En tant que journaliste, Rachid Hamdad a marqué les esprits et les consciences. Ses articles, empreints de lucidité et de courage, dénonçaient les dérives, les injustices et les douleurs qui frappaient son pays. Il travaillait sans relâche pour un monde meilleur, utilisant sa plume comme une arme pacifique pour éveiller les consciences et défier les oppresseurs.
Son roman posthume, « La mort de Hamama », reste un témoignage bouleversant de la société algérienne des années 1990, un cri d’alarme contre l’instabilité politique et les drames humains.
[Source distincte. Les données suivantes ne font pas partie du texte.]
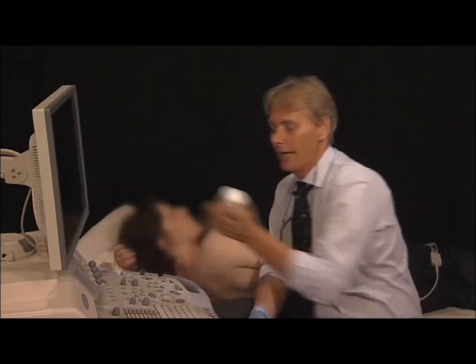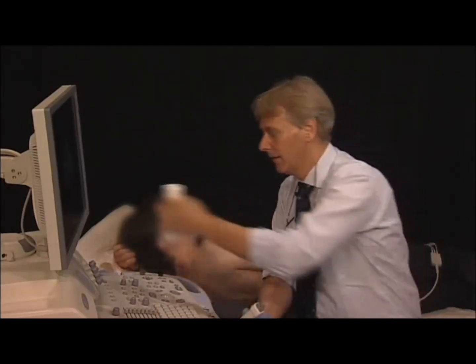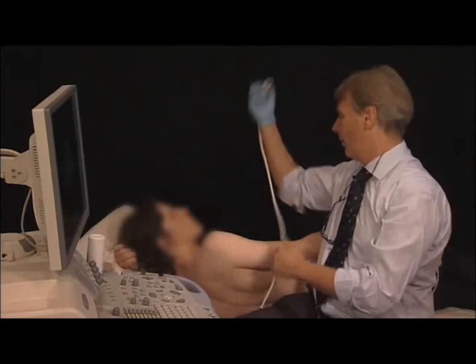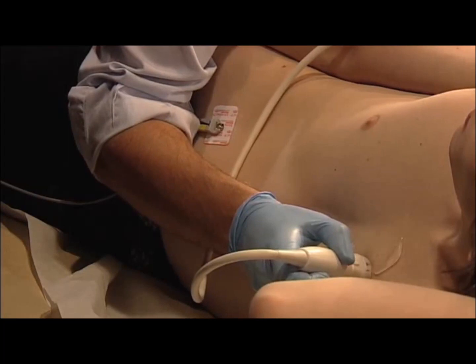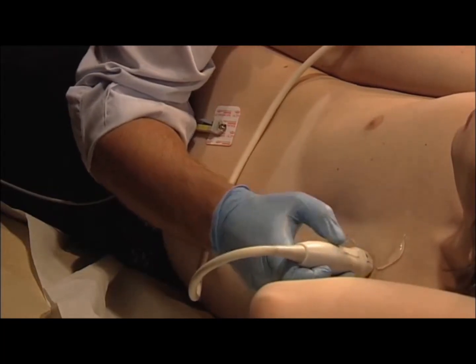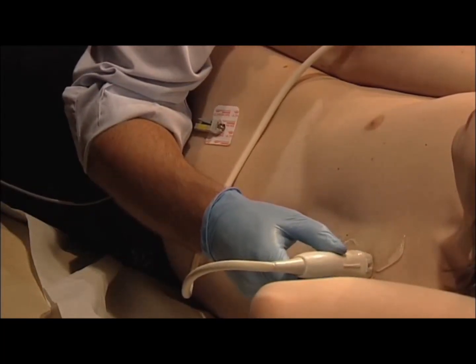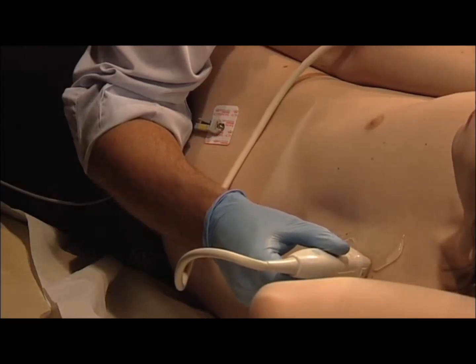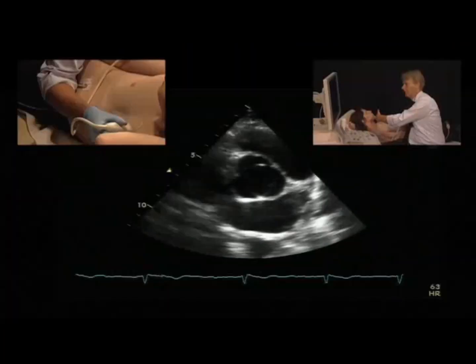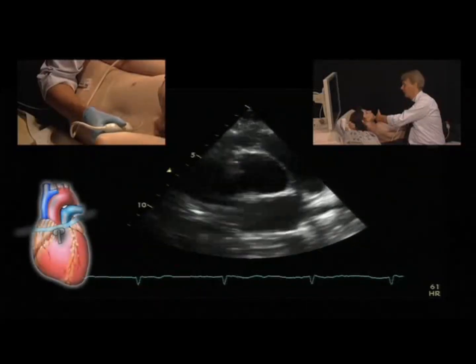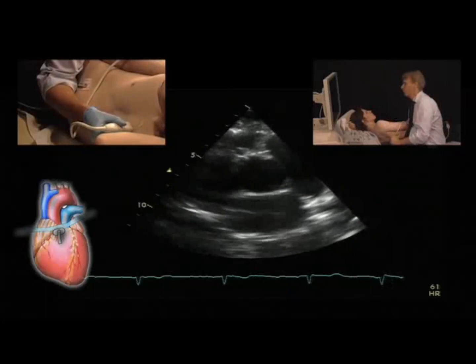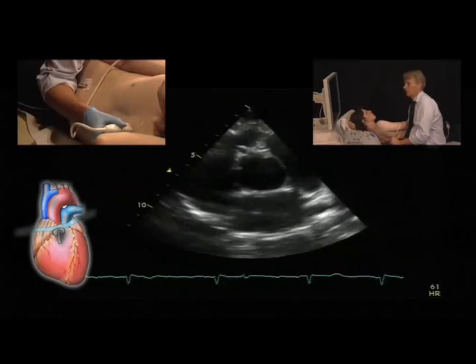The parasternal short axis is in a 90-degree orientation to the long axis. If you remember, the marker was pointing towards the right shoulder for the long axis. Now we rotate the transducer clockwise until we are perpendicular to the original plane. Now the marker is pointing towards the left shoulder, or armpit actually.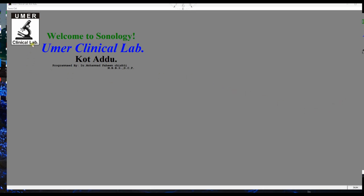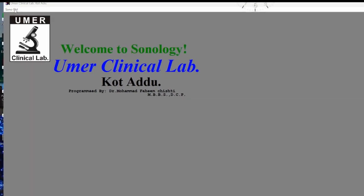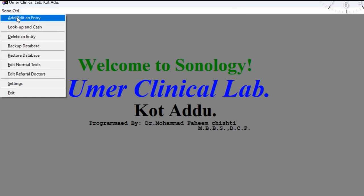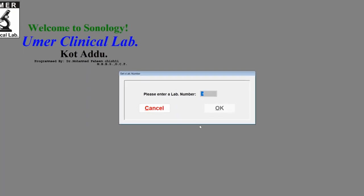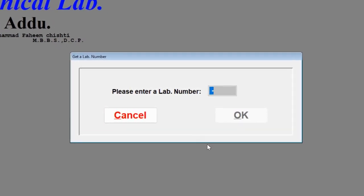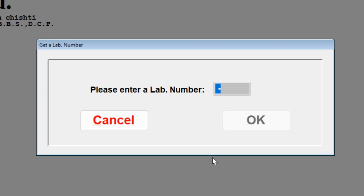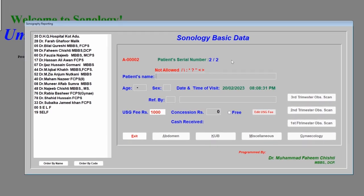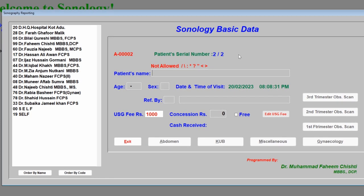Click on the SonocTRL menu item in the top left corner, click 'Add/Edit Entry'. Here you will enter the ID number of the patient — suppose it is 00002 — and click OK. Write the name of the patient; suppose it is Salma. Then enter the age of the patient; suppose she is 34 years.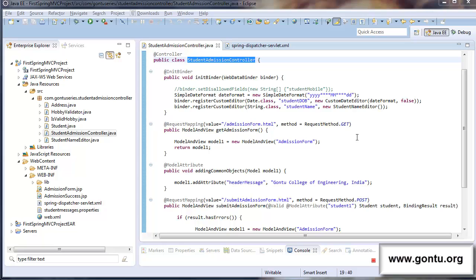Many times on the internet, you would have observed when you try to access some website, sometimes you do not get the desired web page for that request. Instead, you get a simple message on the response web page: the website is closed for maintenance for some hours, or the website is not working at the moment, please try accessing it after some time, or any such similar message.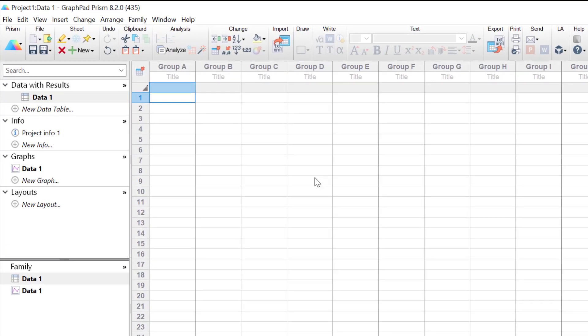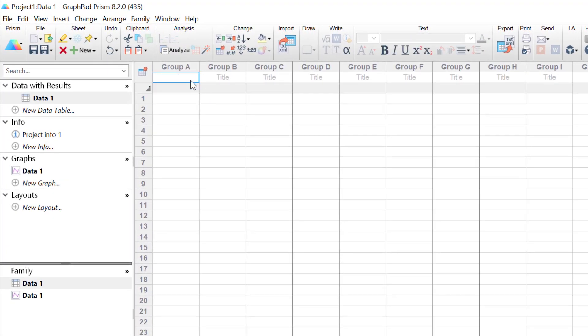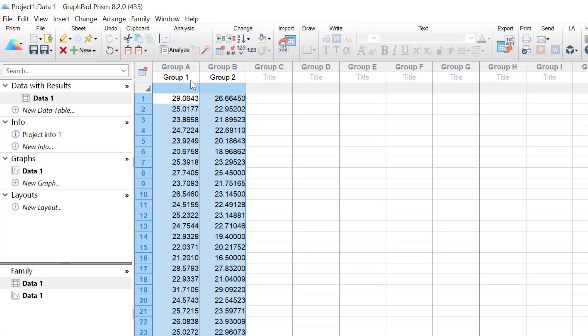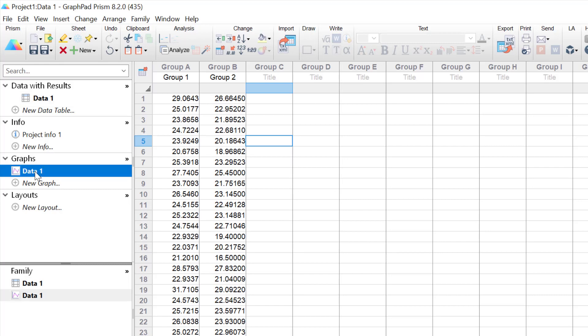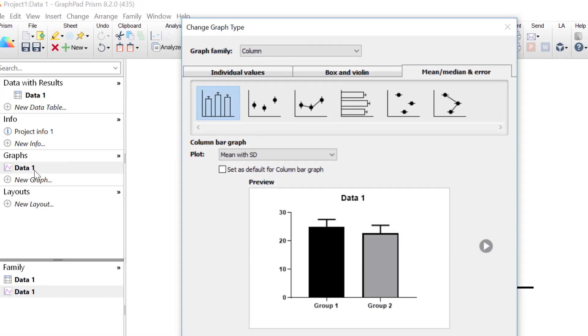I'm just going to copy in the data set that I've prepared earlier. Specifically, this data contains two groups of 23 participants. What these are are BMI or body mass index measures. Since we have pasted in our data, we can then click on the connected graph sheet on the left hand side to open up the graph wizard.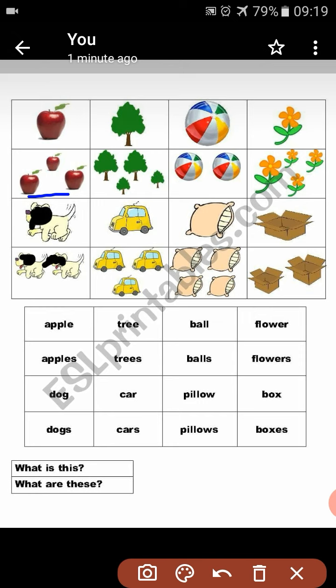What will be the answer? If you ask me 'What is this?' I will say: 'It's an apple.'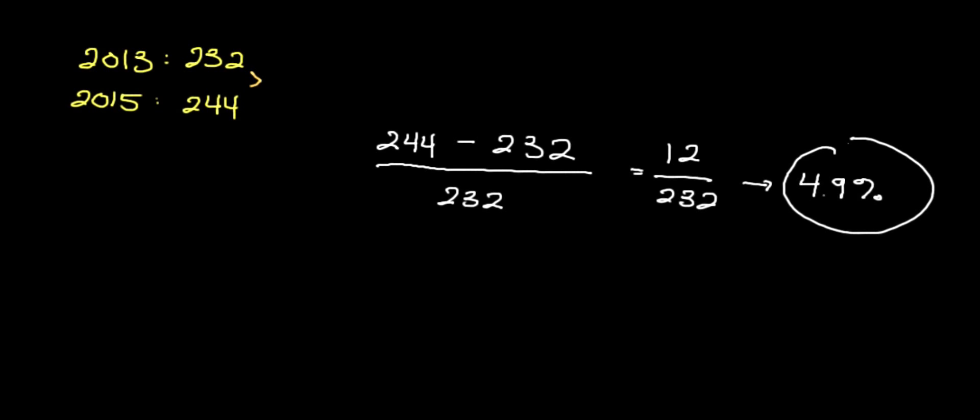So how is that relevant to us? Well, it's relevant because we also have to consider how much our income is going up. If you said that over those two years, my income actually rose by 3% from different raises and other things like that...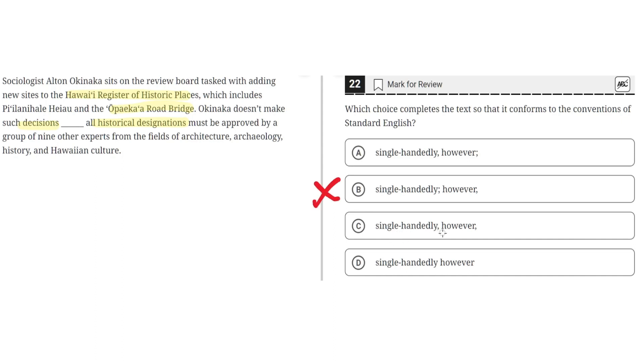C: single-handedly comma however comma. This is incorrect because this results in a comma splice where a comma attempts to connect two independent clauses without a conjunction. So C is incorrect.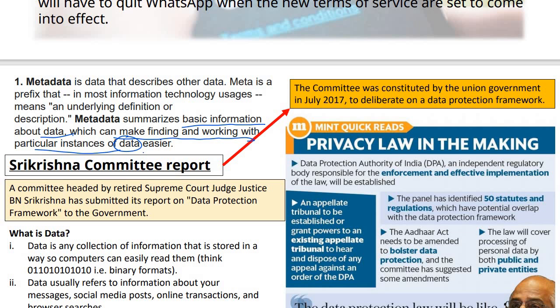The Sree Krishna Committee, headed by retired Supreme Court Judge B.N. Sree Krishna, submitted its report on data protection framework to the government. What is data? Data is any collection of information that is stored in a way so computers can easily read it — in binary format (zeros and ones). In this way, any material we store in a computer in binary format is data. Your messages, social media posts, online transactions — all of this is data. So the point is clear: why the Sree Krishna Committee was formed. These pointers are important for your prelims.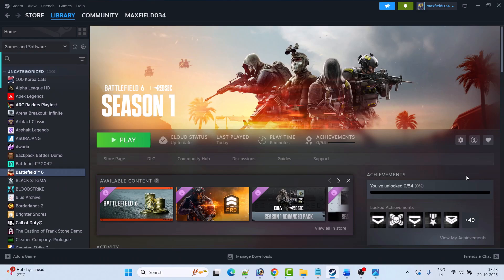Hello guys and welcome back to my YouTube channel. In this video tutorial I will show you how to fix Battlefield 6 game not loading, or stuck on loading screen, freezing problem, or black screen issue on PC.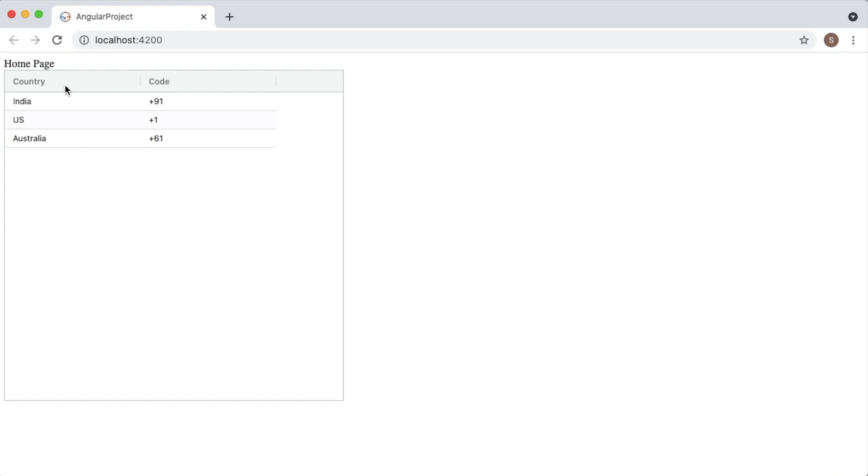This is how we can add data in a tabular format using ag-Grid. There are a lot of modifications and features we can use like sorting, filtering, etc., which I am going to show you in next videos.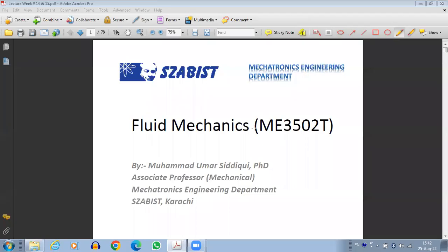Okay students, Assalamu alaikum. Let's start from where we stopped last time. Since we have already covered major areas of fluid mechanics and the principles of fluid mechanics, and we have been studying some of the applications of fluid mechanics in terms of the fluid conduits.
À travers ce récit, il exprimait la douleur des rêves brisés.
Rachid nous a quittés trop tôt, à l’âge de 39 ans, alors qu’il était en plein élan, prêt à réaliser encore tant de choses. Sa disparition tragique, survenue le 20 septembre 2001, a laissé une onde de choc dont nous peinons à nous remettre.
Il était un journaliste dynamique, un militant infatigable et un homme d’une générosité sans égale. Ses amis, ses collègues, sa famille, et tous ceux qui ont eu le privilège de le connaître gardent en mémoire son engagement, son rire communicatif et sa profonde humanité.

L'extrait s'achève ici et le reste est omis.